Judge Mukarrab Khan will head the special court in Lahore whereas Judge Zafar Khosa and Judge Anwar Ali Khan will preside over the courts in Quetta and Peshawar respectively.
Five special courts are to be formed in total. Sindh is also scheduled to get special courts but these are yet to be established, it said.
The latest measures come days after the country's political leadership agreed to establish military courts in order to try terror suspects in what appeared to be a bypassing of the superior judiciary and the Supreme Court's 1999 verdict which had declared such tribunals as unconstitutional, the report said.
Military courts have become a subject of controversy with certain political parties expressing reservations on their proposed establishment.

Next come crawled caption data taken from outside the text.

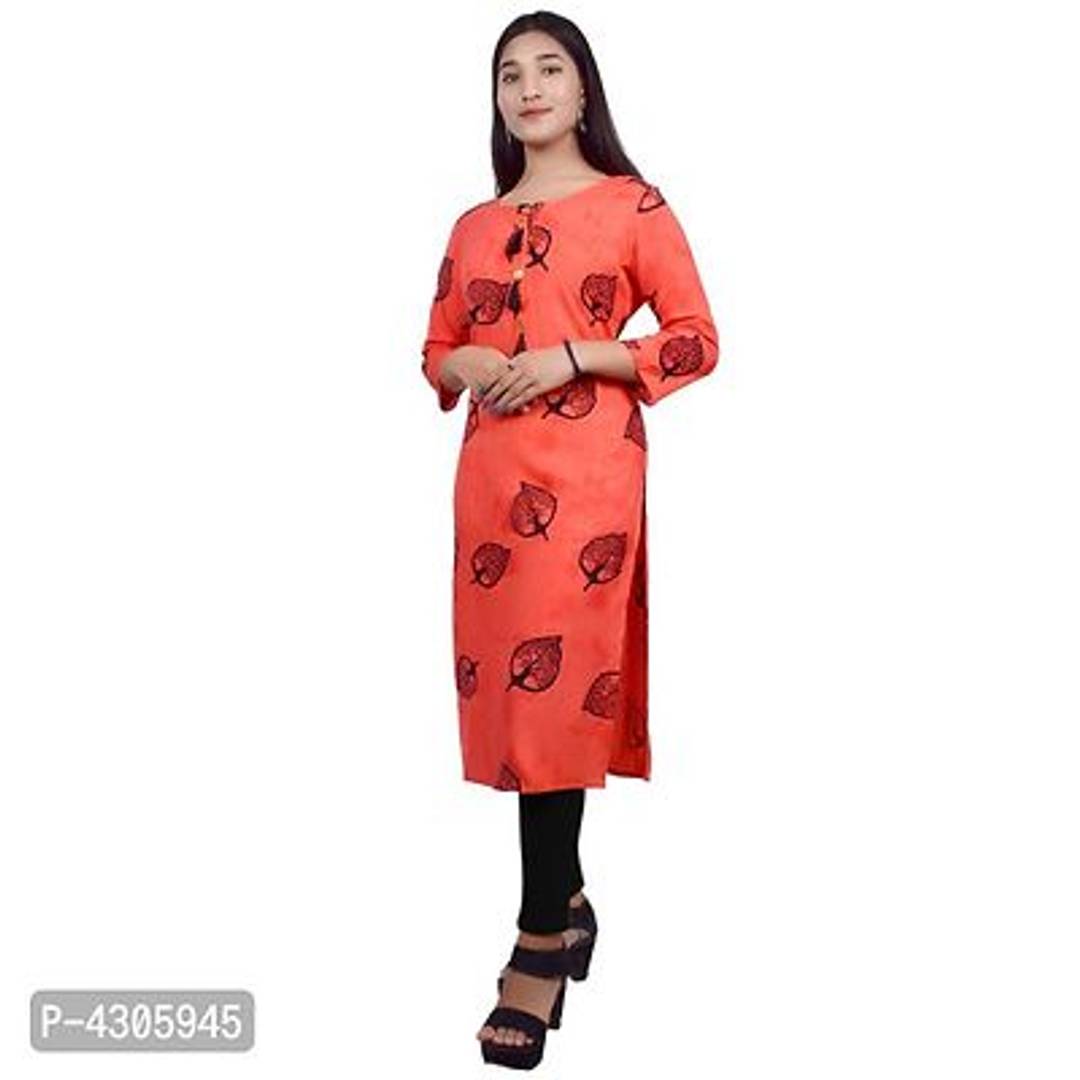 Women's Printed Straight Orange Rayon Kurti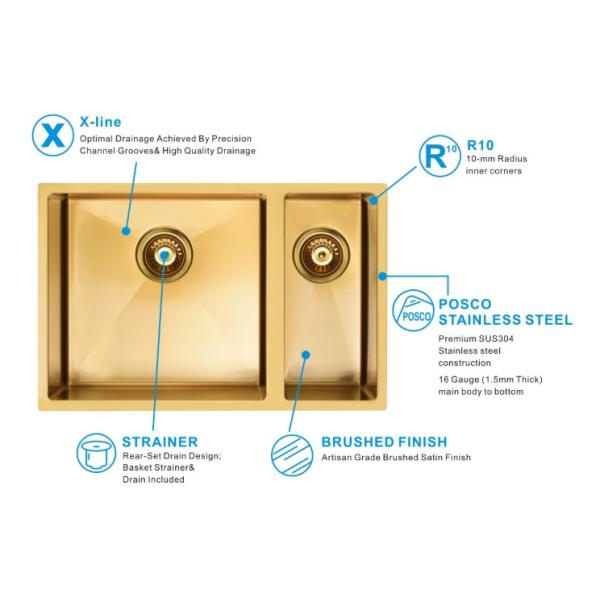 Fregadero de cocina nano del acero inoxidable de Undermount del oro de PVD sin el grifo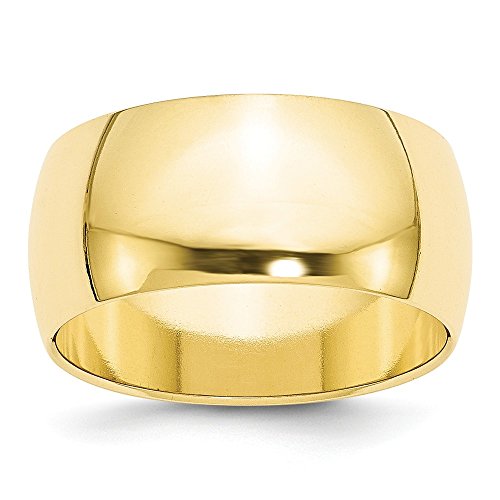 10k Yellow Gold 10mm Half Round Wedding Band Size 11
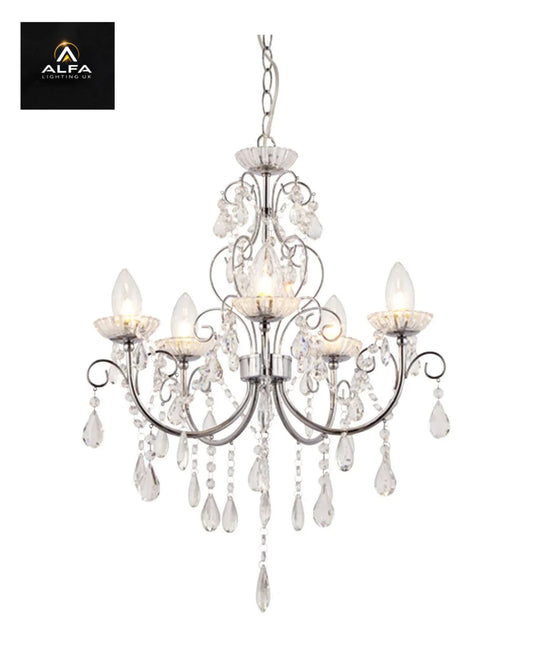 Endon | Tabitha | 61384 | 5 Light Pendant Light | Chrome - CLEARANCE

After the Peshawar tragedy last month in which 150 people, mostly children, were killed in a Taliban attack on an army public school, Prime Minister Nawaz Sharif had vowed to establish military courts to try suspected terrorists. Speaking in the Senate yesterday, Sharif said he was determined to go ahead with the option of military courts even though he too had "a lurking suspicion that one day" he may have to face "such a forum".
"The opponents of military courts talk about my arrest by the same courts may be in future. But let me tell them how can I forget the innocent blood of the children... This is on my mind and not my possible arrest (by the military courts) as some talk about it," he said.